▶ _Activity_
Extract exactly and only the lines from the one containing "Triazine Derivatives - diagram, schematic, and" through the end of the entries below. Pictures should not appear in the copy.

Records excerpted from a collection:
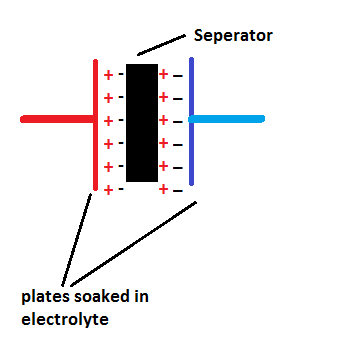 सुपरकैपेसिटर कैसे काम करते हैं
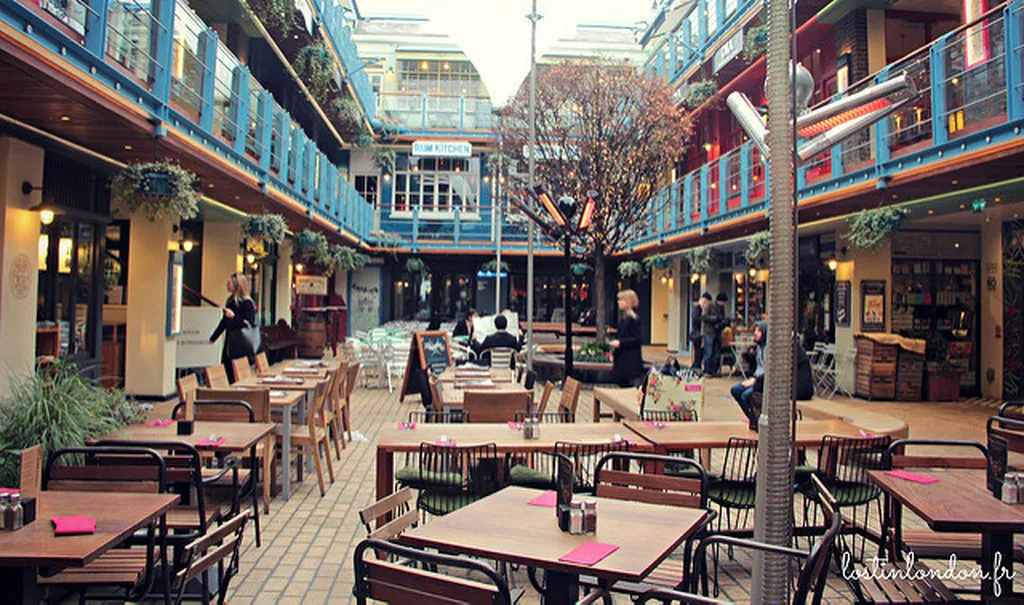 London Food Lovers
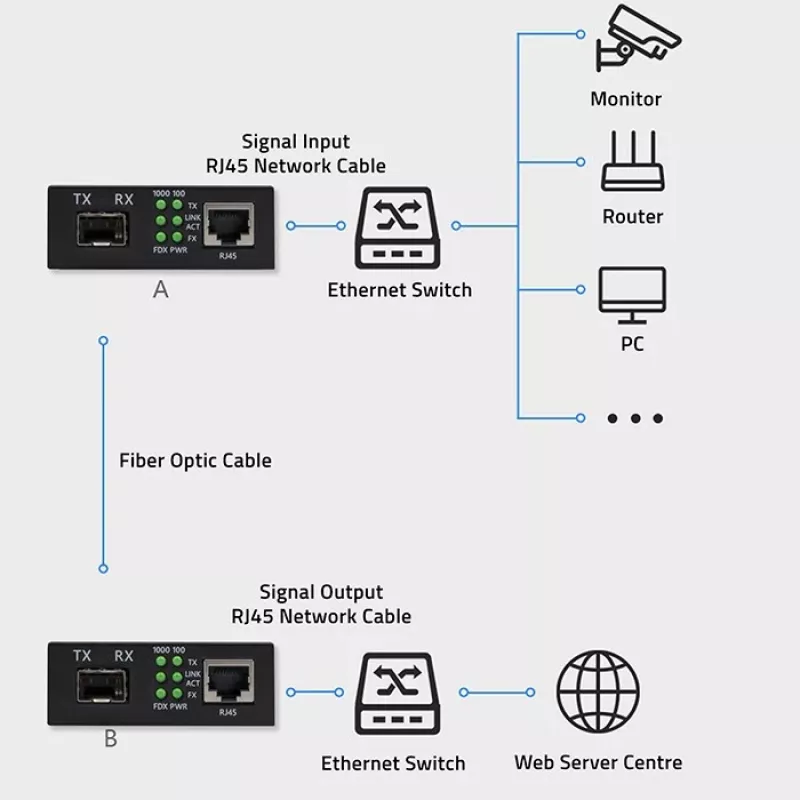 Mediaconverter SWITCH Ethernet 1x RJ45 1x SFP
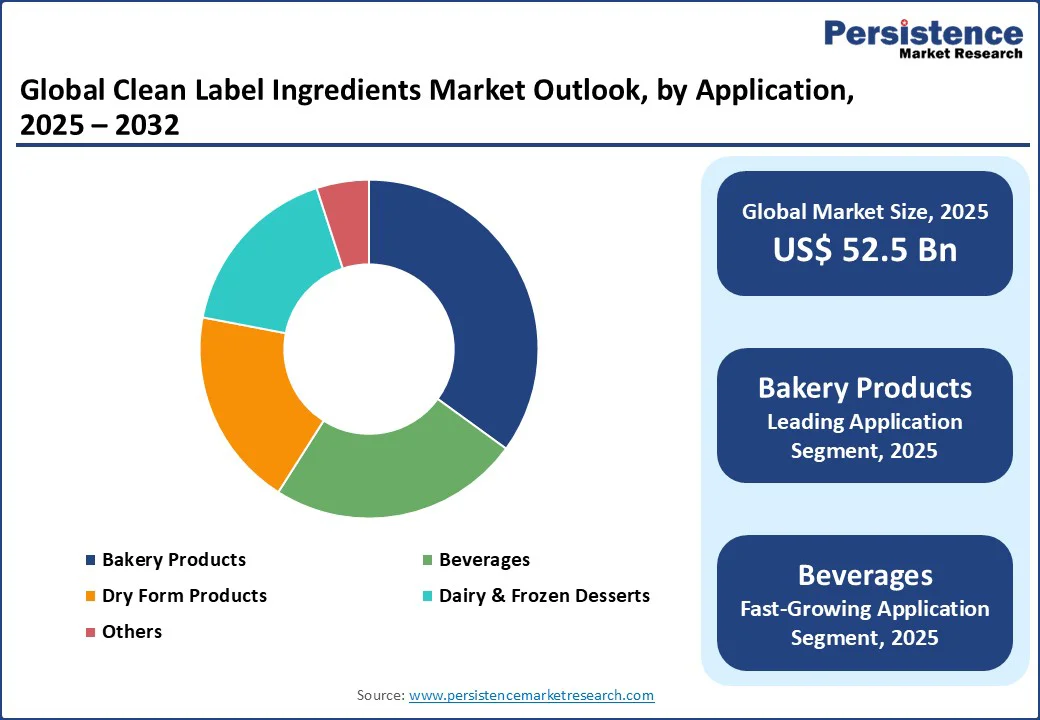 global-clean-label-ingredients-market-outlook-by-application-2025-2032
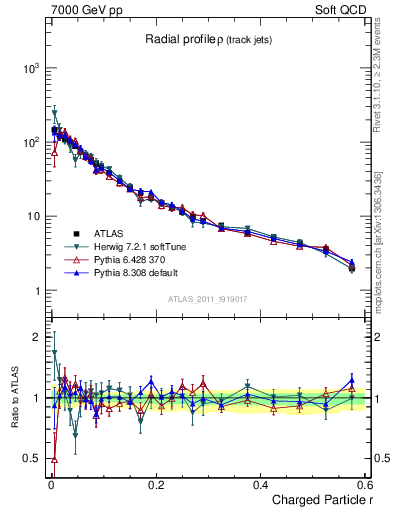 Plot of rho in 7000 GeV pp collisions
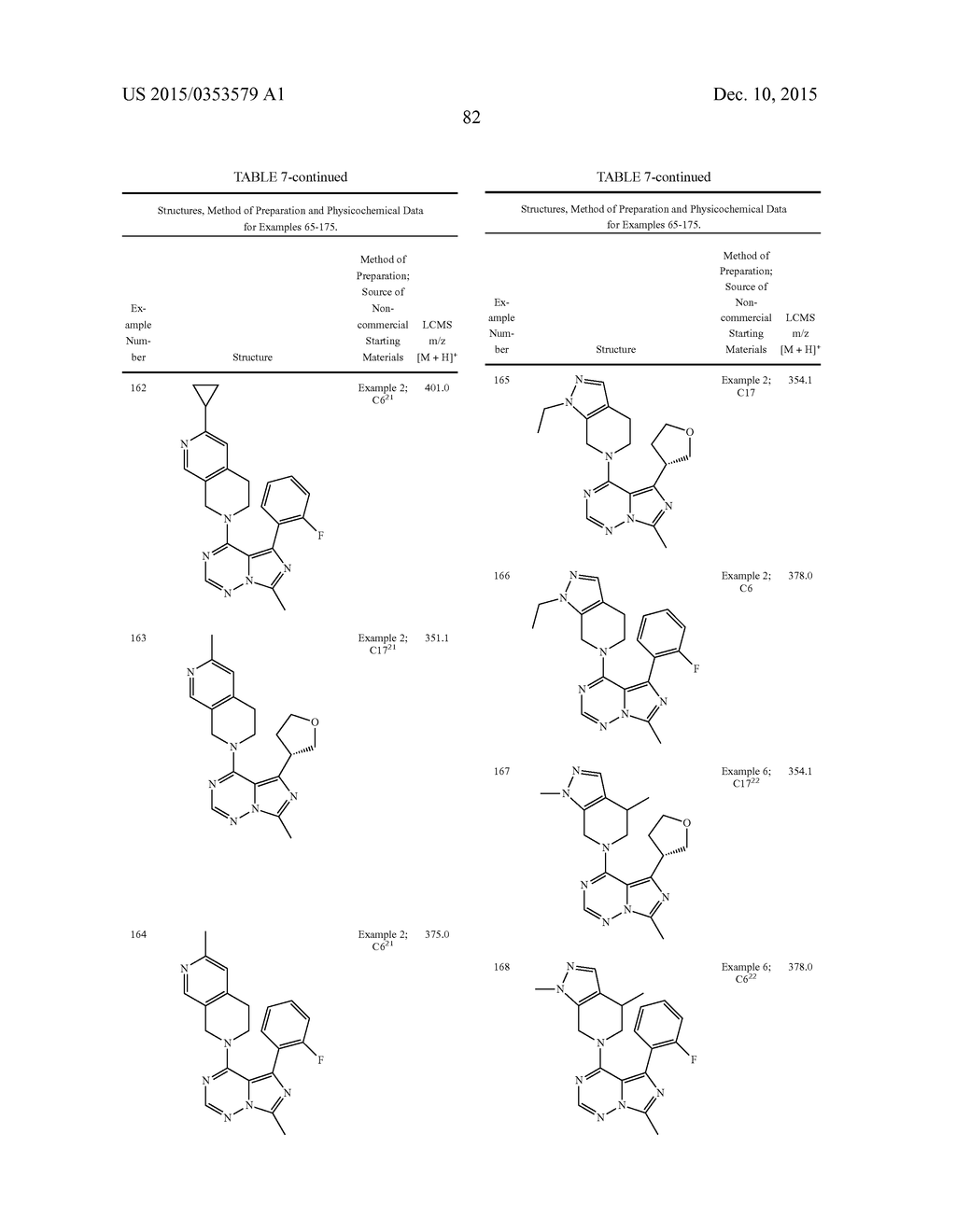 Triazine Derivatives - diagram, schematic, and image 83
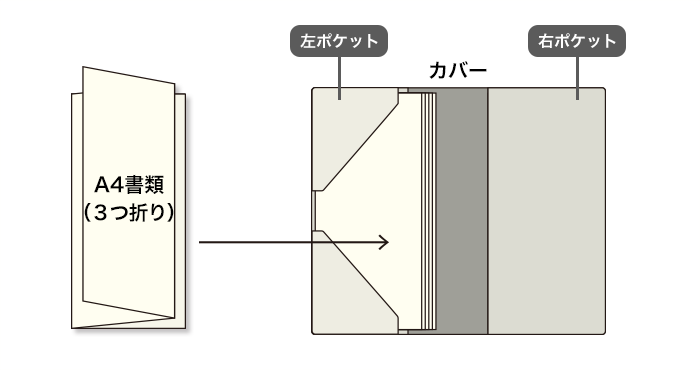 A4書類をポケットにきれいに収納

▶ _Exercise result_
 Triazine Derivatives - diagram, schematic, and image 83
 A4書類をポケットにきれいに収納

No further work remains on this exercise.